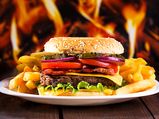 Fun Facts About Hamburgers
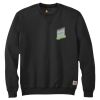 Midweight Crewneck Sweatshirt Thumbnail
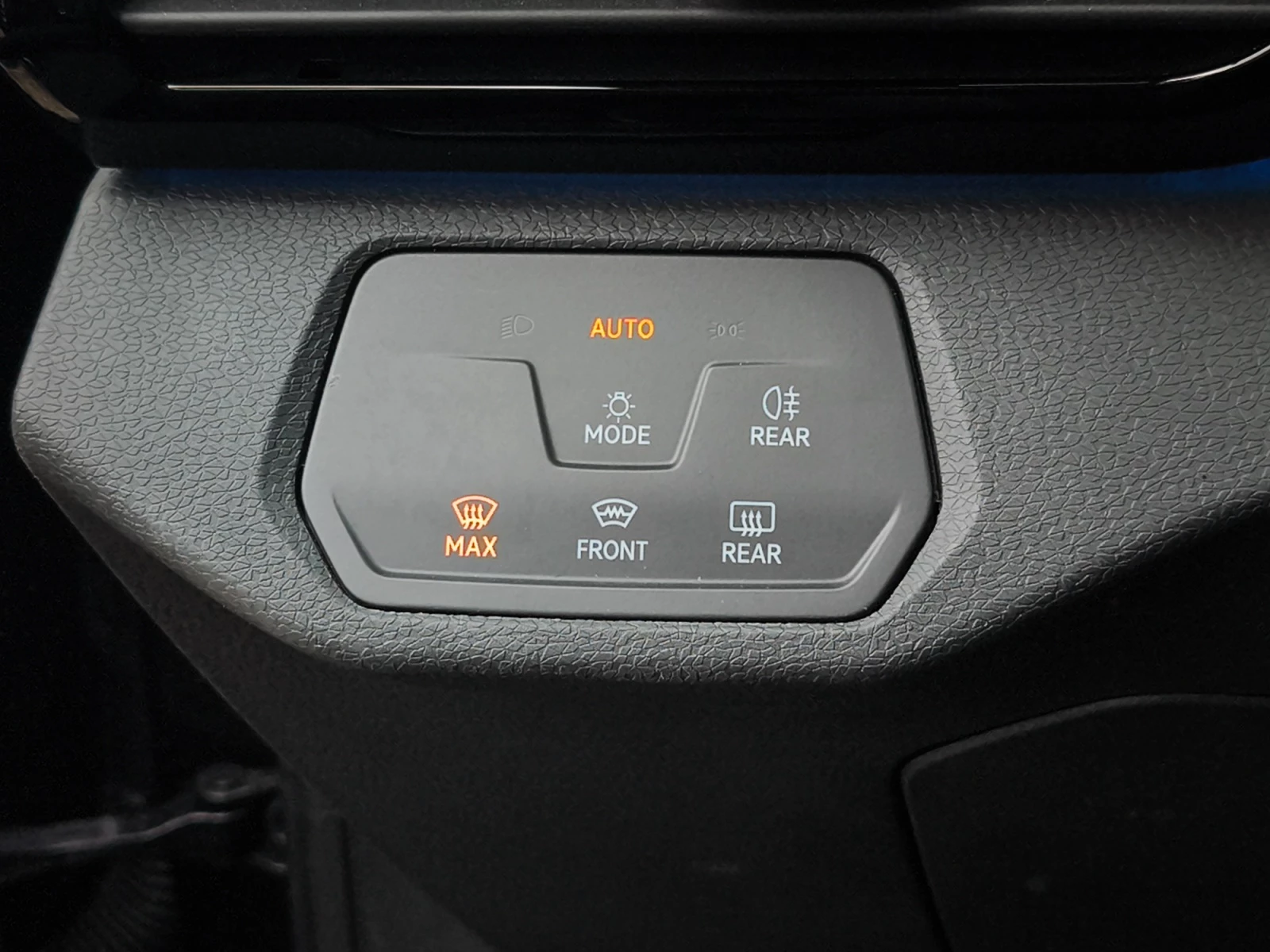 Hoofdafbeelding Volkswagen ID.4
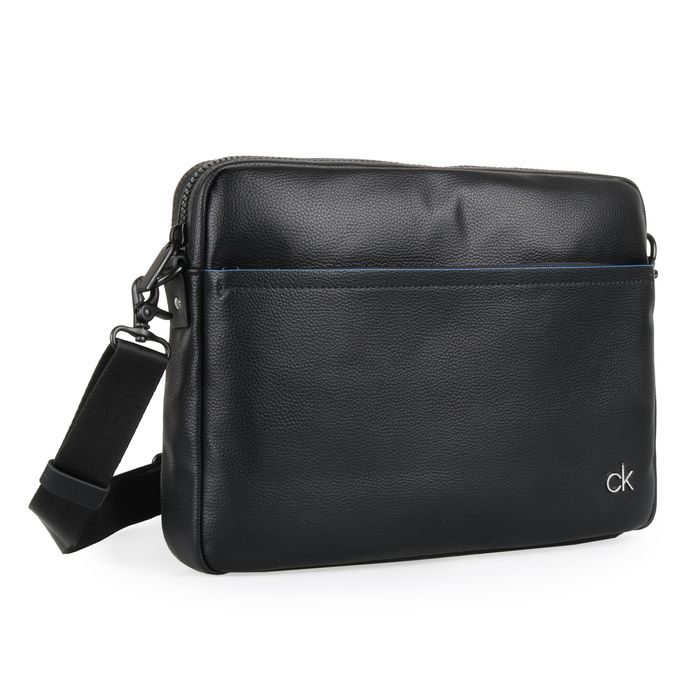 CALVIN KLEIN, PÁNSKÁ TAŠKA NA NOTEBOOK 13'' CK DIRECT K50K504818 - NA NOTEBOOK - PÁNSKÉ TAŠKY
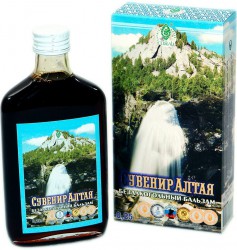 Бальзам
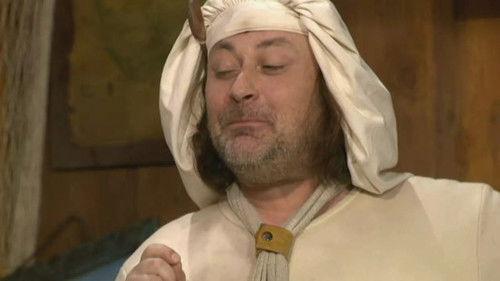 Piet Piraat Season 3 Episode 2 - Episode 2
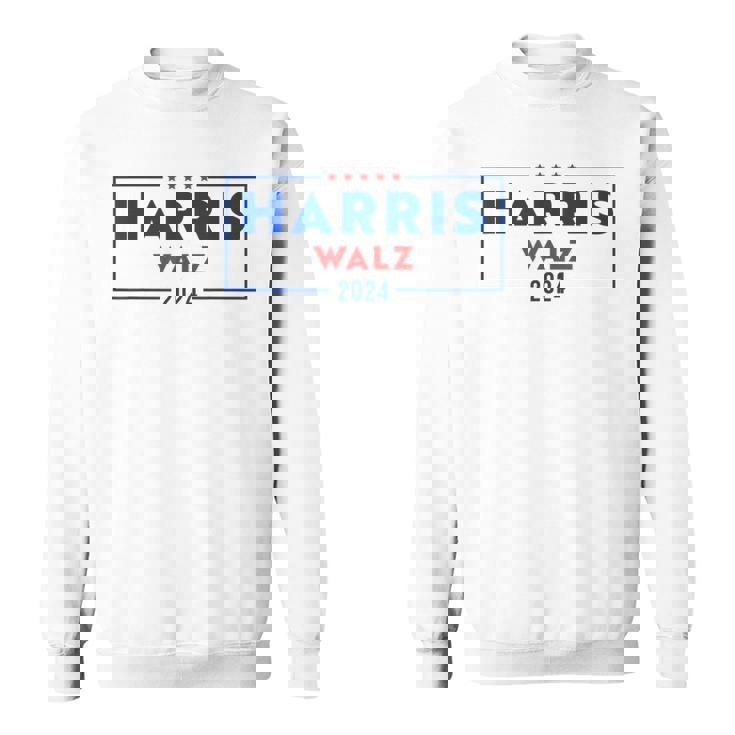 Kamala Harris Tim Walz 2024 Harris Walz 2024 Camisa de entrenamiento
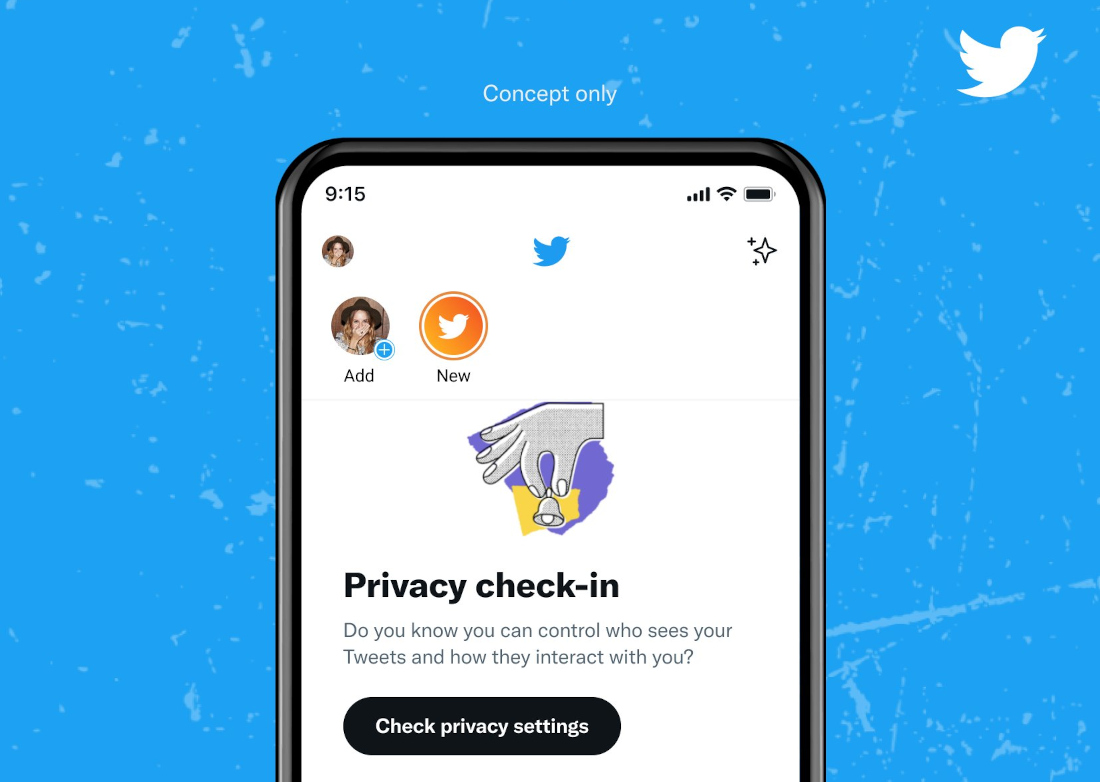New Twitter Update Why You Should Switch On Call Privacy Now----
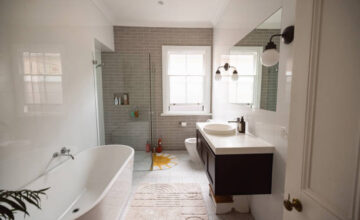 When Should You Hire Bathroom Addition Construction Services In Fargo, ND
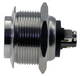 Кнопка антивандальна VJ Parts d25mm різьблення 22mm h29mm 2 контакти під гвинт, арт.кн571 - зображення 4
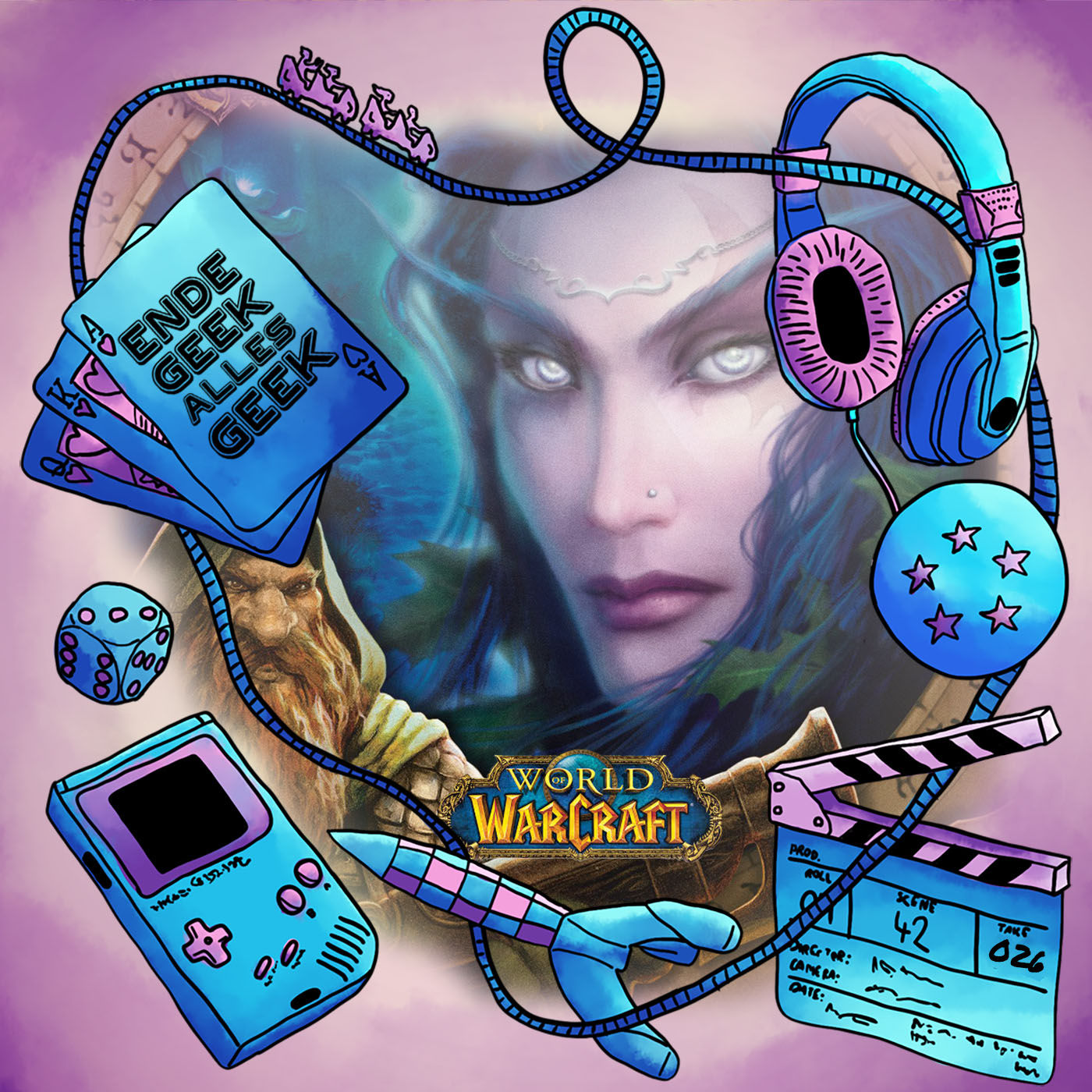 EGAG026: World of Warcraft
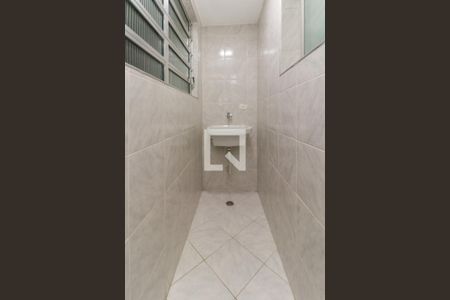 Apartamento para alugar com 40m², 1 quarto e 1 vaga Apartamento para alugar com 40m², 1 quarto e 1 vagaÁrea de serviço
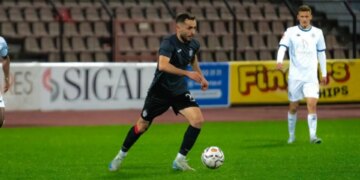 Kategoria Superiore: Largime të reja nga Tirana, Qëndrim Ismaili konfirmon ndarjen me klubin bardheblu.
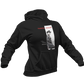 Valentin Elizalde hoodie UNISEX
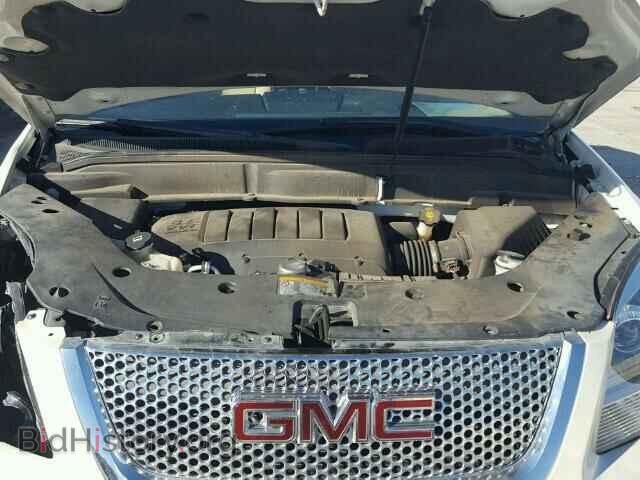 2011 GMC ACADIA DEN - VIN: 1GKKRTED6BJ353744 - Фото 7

======

**Exercise requirements**. Print the listing again exactly, please. Keep the pictures out of it.

**Your response**.
 Fun Facts About Hamburgers
 Midweight Crewneck Sweatshirt Thumbnail
 Hoofdafbeelding Volkswagen ID.4
 CALVIN KLEIN, PÁNSKÁ TAŠKA NA NOTEBOOK 13'' CK DIRECT K50K504818 - NA NOTEBOOK - PÁNSKÉ TAŠKY
 Бальзам
 Piet Piraat Season 3 Episode 2 - Episode 2
 Kamala Harris Tim Walz 2024 Harris Walz 2024 Camisa de entrenamiento
New Twitter Update Why You Should Switch On Call Privacy Now----
 When Should You Hire Bathroom Addition Construction Services In Fargo, ND
 Кнопка антивандальна VJ Parts d25mm різьблення 22mm h29mm 2 контакти під гвинт, арт.кн571 - зображення 4
 EGAG026: World of Warcraft
 Apartamento para alugar com 40m², 1 quarto e 1 vaga Apartamento para alugar com 40m², 1 quarto e 1 vagaÁrea de serviço
 Kategoria Superiore: Largime të reja nga Tirana, Qëndrim Ismaili konfirmon ndarjen me klubin bardheblu.
 Valentin Elizalde hoodie UNISEX
 2011 GMC ACADIA DEN - VIN: 1GKKRTED6BJ353744 - Фото 7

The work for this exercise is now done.